Nebraska baseball tops Michigan 13-9 in topsy-turvy Big Ten opener
Winning a game when a team allows five home runs is hard. Doing it in addition to surrendering 11 more hits adds another level of difficulty. But that is exactly what Nebraska baseball (9-11) did on Friday night topping Michigan (9-12) by four, 13-9.
Michigan struck first.
Two almost identical singles to right from the first pair of Wolverine hitters quickly put Nebraska starting pitcher Koty Frank behind the 8-Ball. Then cleanup hitter Jimmy Obertop ripped a ball to the left gap for a double to make it 1-0. Frank settled in, and coaxed a strikeout and a groundout to end the inning.
The Huskers bounced back in a big way in the bottom half of the frame. Nebraska got a single from Cam Chick while Max Anderson took Michigan starter Connor O'Halloran deep into the count for a walk. That set the table for freshman Garrett Anglim who doubled to left with two outs and scored both runners giving Nebraska a 2-1 advantage.
Michigan got one back in the second with a two-out single by Clark Elliot to even the score at 2-2. The score remained tied until Anglim delivered again with a sacrifice fly to right field scoring one and retaking the lead for the Huskers.
Frank preserved the 3-2 Nebraska lead with two strikeouts in the fourth inning and brought his total to eight in the fifth. Then the first cracks began to show. First it was a home-run swing by Matt Frey. Next, Obertop hit it out of the park while Ted Burton and Tito Flores did the same.
Four consecutive home runs.
It was a Big Ten record for the Wolverines and with it they took a 6-3 lead. But Michigan didn't hold it for long. Nebraska scored six runs in the fifth inning on four hits including Anglim's bases-clearing double to reclaim the lead for Nebraska. The Huskers had scored six runs in the fifth inning all season prior to Friday's fifth.
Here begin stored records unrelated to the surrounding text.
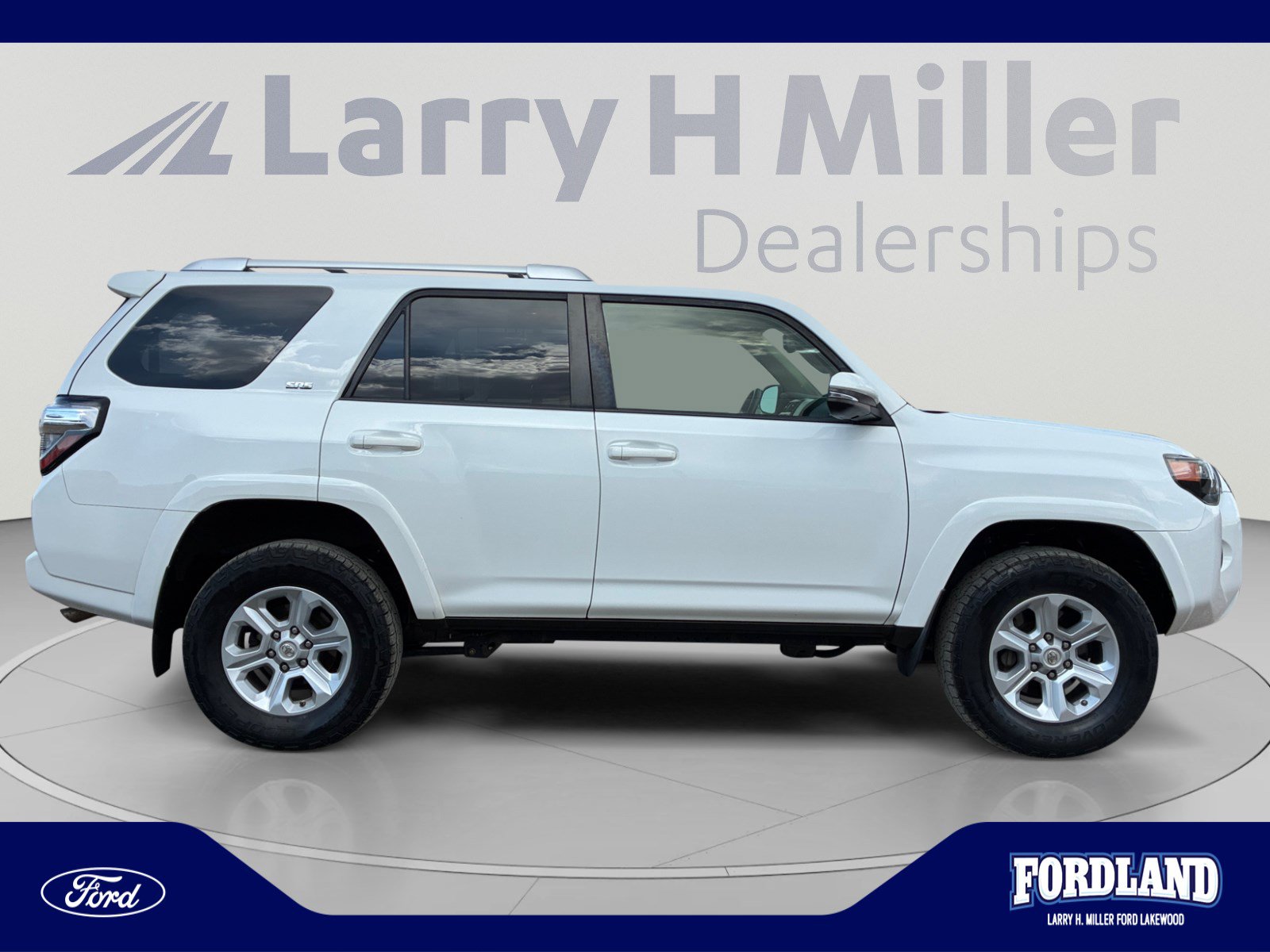 Used 2018 Toyota 4Runner SR5 Premium AWD/4WD image 6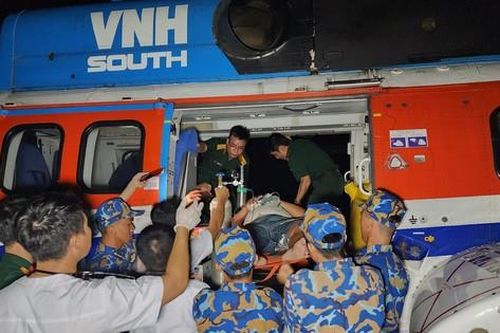 Cấp cứu bằng trực thăng ngư dân nguy kịch vì lặn sâu xuống biển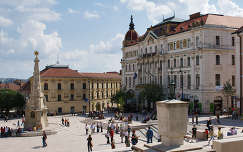 Pécs: Széchenyi tér - Megyeháza
/Fotó: Rébék Nagy Tibor készítette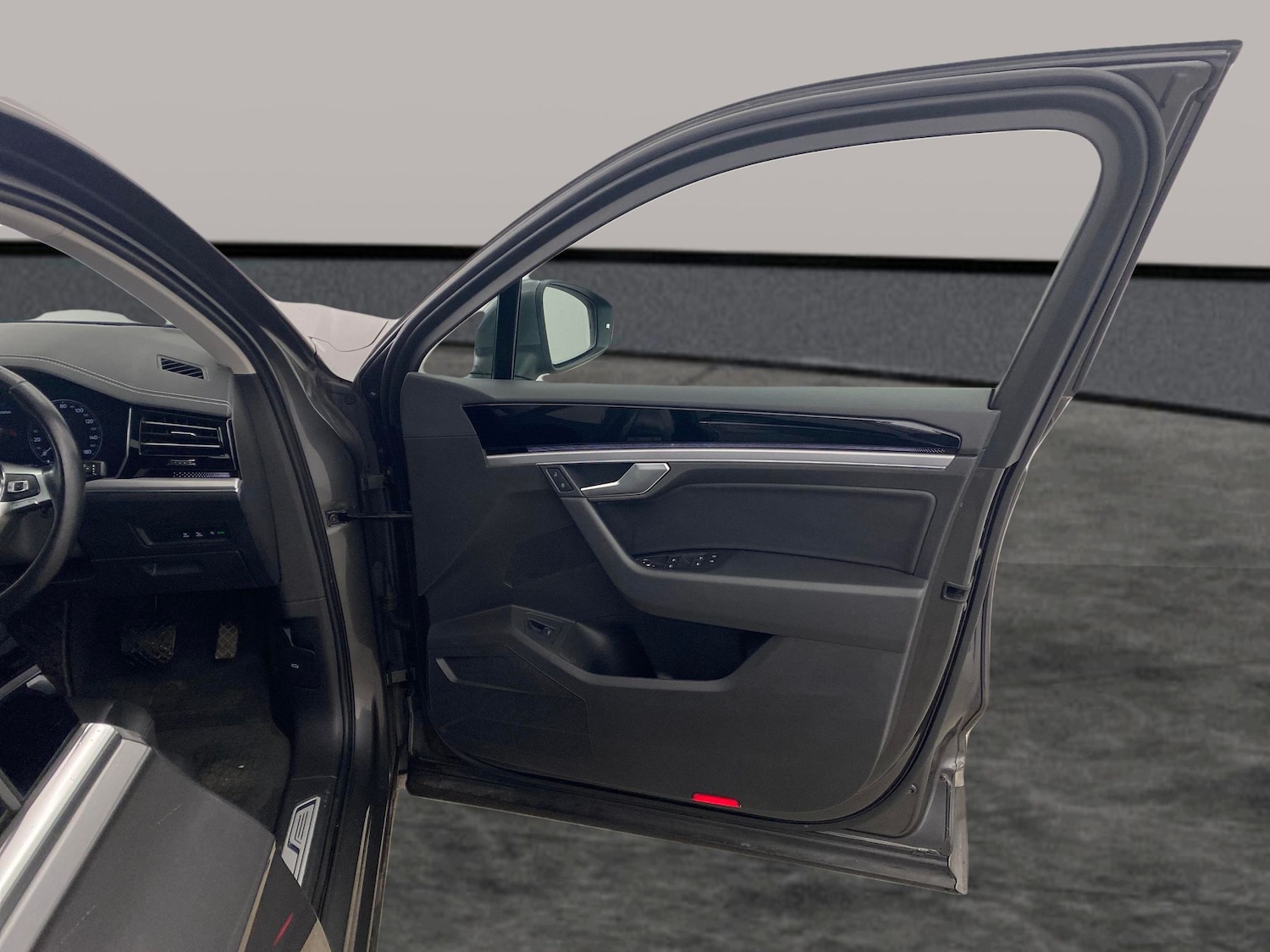 Used Volkswagen Touareg 2020 for sale - 77701783: Photo 28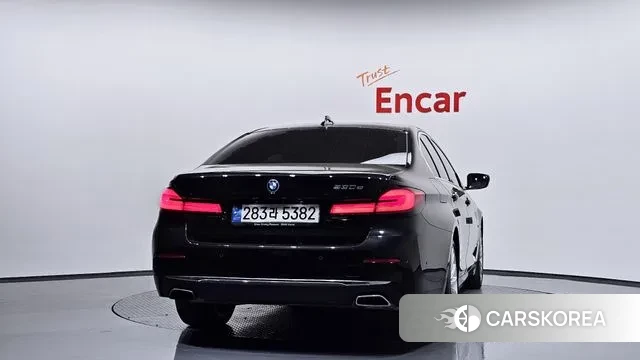 BMW 5 Series (G30) id 3383656 из Кореи 14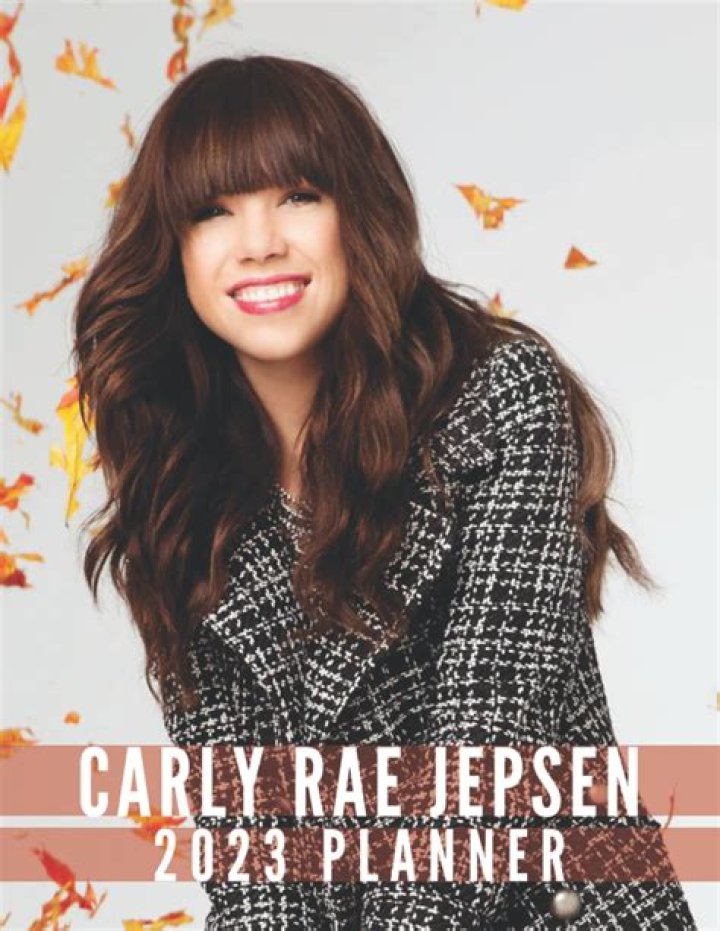Carly Rae Jepsen Wikipedia, Age, Biography, Height, Husband, Family, Instagram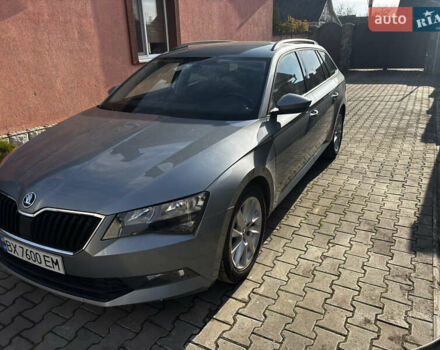 Серый Шкода Суперб, объемом двигателя 2 л и пробегом 210 тыс. км за 12800 $, фото 4 на Automoto.ua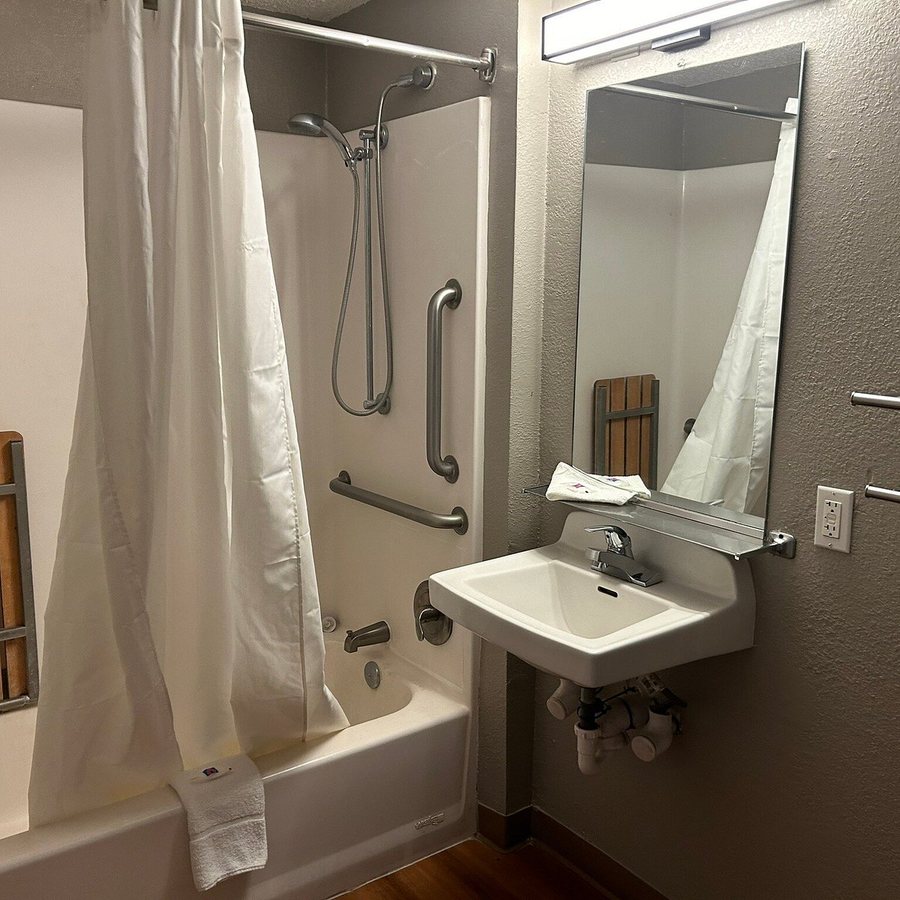 Motel 6 Kingman AZ Route 66 West — Bathroom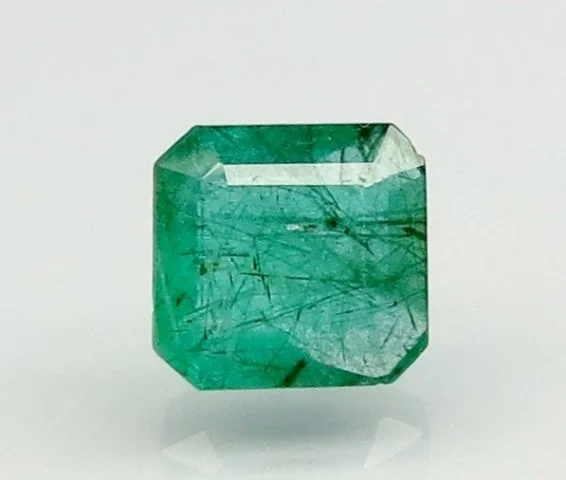 Natural Emerald 4.44 ct octagon step cut loose gemstone, green, IIGJ certified report no. 6810D26566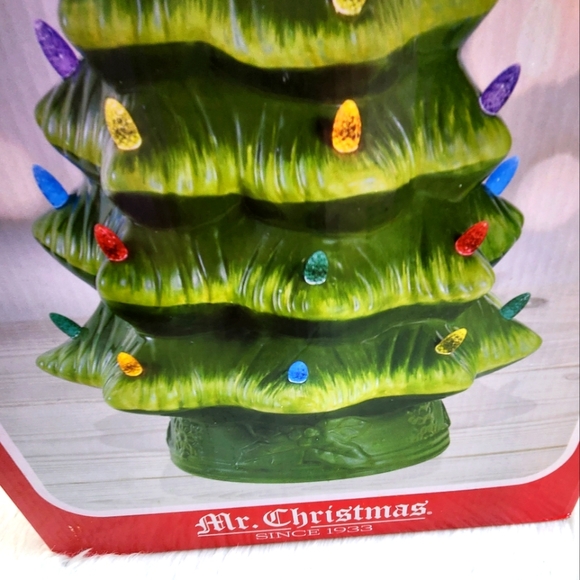 Nostalgic Ceramic Christmas Tree - Picture 5 of 7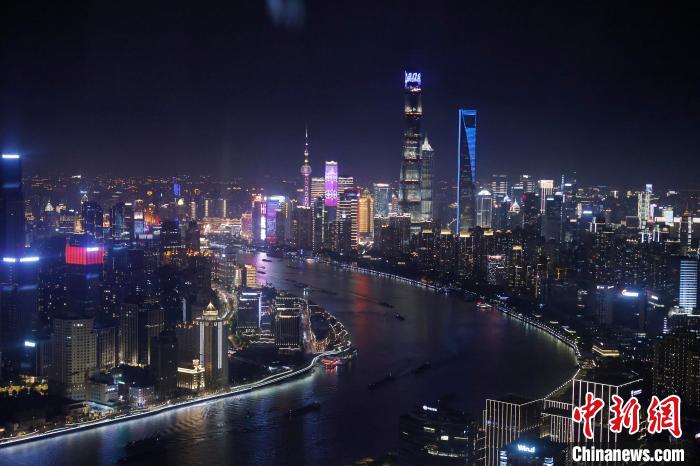 6月3日晚，鳥瞰上海黃浦江兩岸城市夜景?！∫罅⑶?攝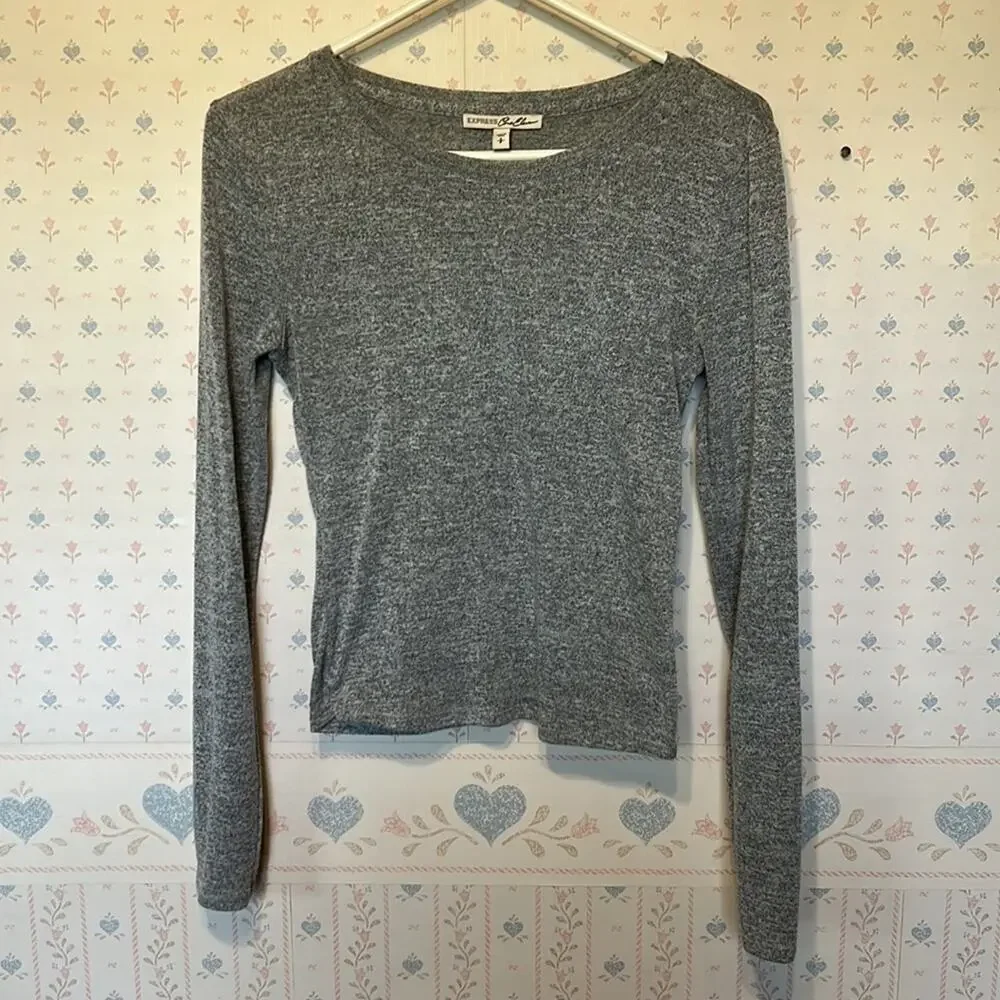 Express One Eleven “Essential” Heathered Gray Long Sleeve Basic Tee - Picture 2 of 10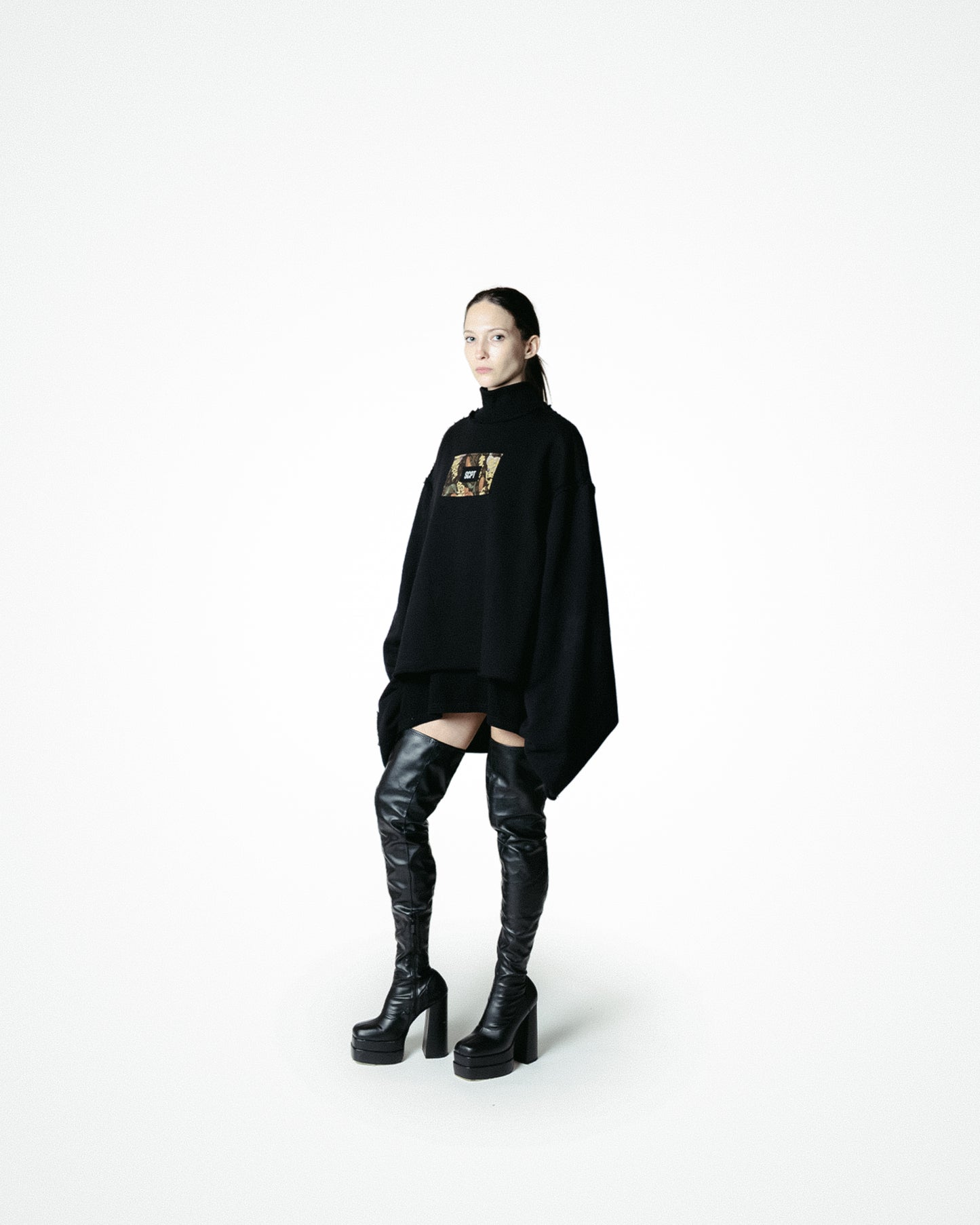 GHISA - FELPA OVERSIZE TAGLIO VIVO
The Huskers didn't stop there. They tacked on four more runs in the sixth inning off of just a single hit. Three of those runs scored from hit batsmen and all four Nebraska runs came in with two outs. With two thirds of the game in the books, the Huskers led 13-6.
Jaxon Jelkin continued a strong relief outing into the eighth inning before allowing a double, single and a walk. With runners on the corners, the freshman went to the dugout in favor of Tyler Martin. The Wolverines scored a run in the inning and two more in the ninth but the Huskers held on to win in a game with a final runtime of 3:34.
The Friday Five
Nebraska feels confident in its top five batters.
Will Bolt said as much during his press conference on Thursday. Matthews, Chick, Anderson, Griffin Everitt and Anglim all delivered on Friday night. Four of the five hitters knocked in a run and a walk. All five registered a hit and several were hit by a pitch. As a group, they were 6-19 with 10 of the team's 11 RBIs.
The bottom third of the order did their fair share too.
Jack Steil, Core Jackson and Luke Sartori accounted for six of 11 walks and did a solid job of turning the lineup over for the first five hitters. An all-around offensive contribution was necessary for Nebraska in a game in which it gave up nine runs.
Once again, consistency is key. Friday may have been the Huskers most consistent night at the plate this season. It certainly was its most resilient digging out of the 6-3 hole provided by those four home runs. The question is if Nebraska can hold that momentum throughout the remainder of the weekend.
"Solo home runs don't win ballgames"
There were a ton of weird things on Friday night.
The four consecutive home runs by Michigan was just shy of tying the NCAA record of five. Nebraska scored three runs in a row later in the contest of hit batters. One thing was true of each and every shot by the Wolverines, they were solos.
Both players and Bolt brought up that fact after the game.
It was part of why the Huskers were able to stay in the game not just on the scoreboard but mentally. The easiest way to avoid multi-run long balls is to avoid free passes. Nebraska gave up just two walks and had no errors.
Compare that to the Wolverine's 11 walks allowed and four hit batters and it becomes clearer why the Huskers were able to come out on top.
Nebraska baseball returns to the diamond Saturday at 2 p.m. to resume its series with Michigan. The game will be televised on Nebraska Public Media and can be heard on the Huskers Radio Network.